[Exercise]:
Give a verbatim copy of the data, leaving the pictures out.

[Start of section]

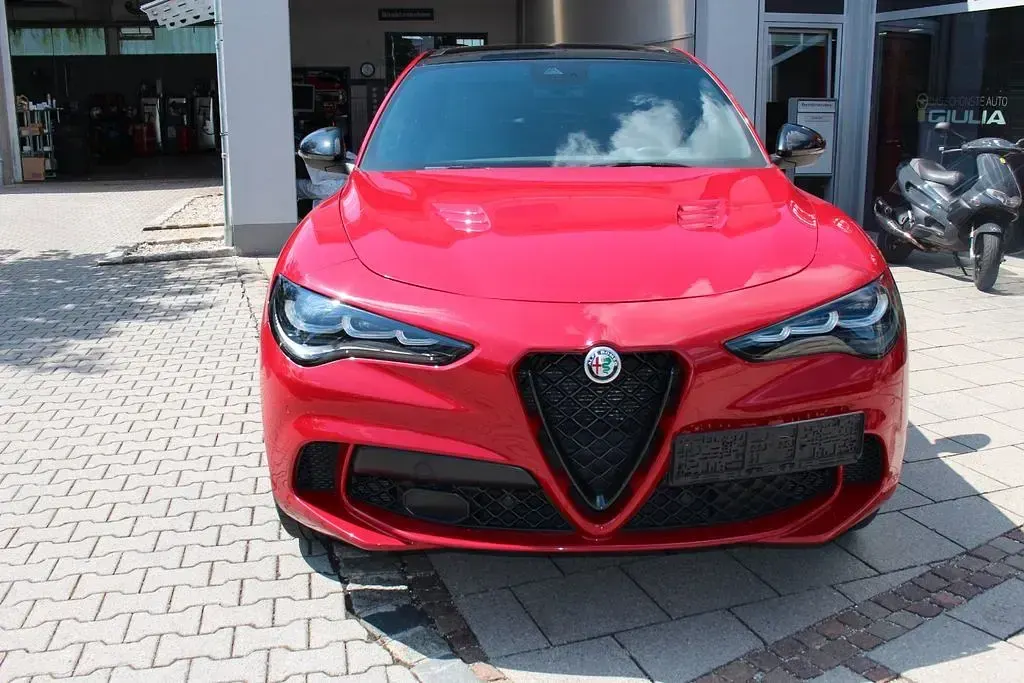Gebraucht Alfa Romeo Stelvio Quadrifoglio 519 PS (381 kW) 2024 Rot SUV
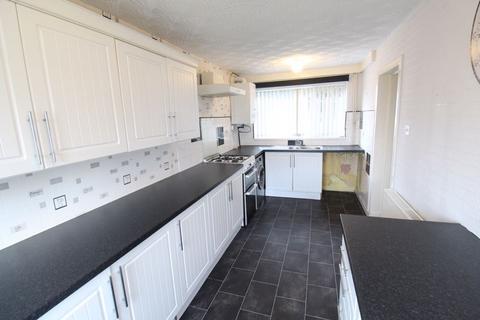 2 bedroom terraced house for sale, Victoria Road, Cradley Heath B64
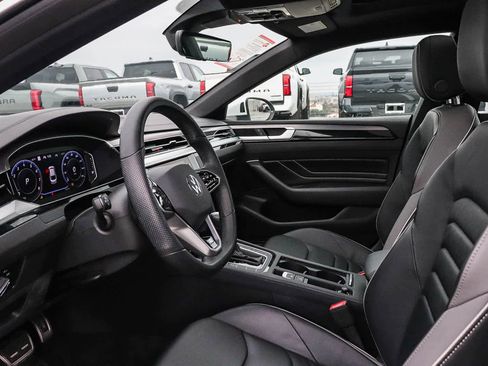 Used 2023 Volkswagen Arteon SEL image 18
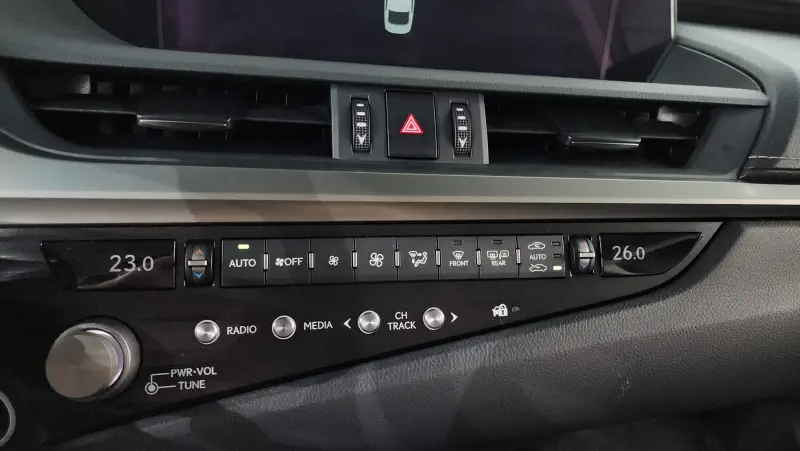 Lexus ES300h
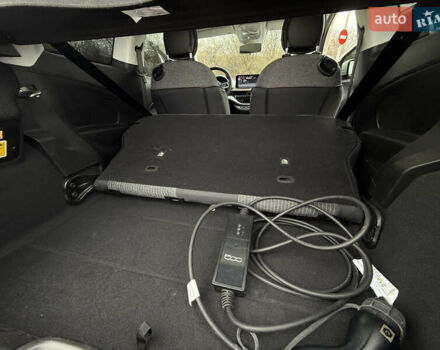 Белый Фиат 500e, объемом двигателя 0 л и пробегом 21 тыс. км за 13999 $, фото 22 на Automoto.ua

[End of section]

[Answer to the problem]:
Gebraucht Alfa Romeo Stelvio Quadrifoglio 519 PS (381 kW) 2024 Rot SUV
 2 bedroom terraced house for sale, Victoria Road, Cradley Heath B64
 Used 2023 Volkswagen Arteon SEL image 18
 Lexus ES300h
 Белый Фиат 500e, объемом двигателя 0 л и пробегом 21 тыс. км за 13999 $, фото 22 на Automoto.ua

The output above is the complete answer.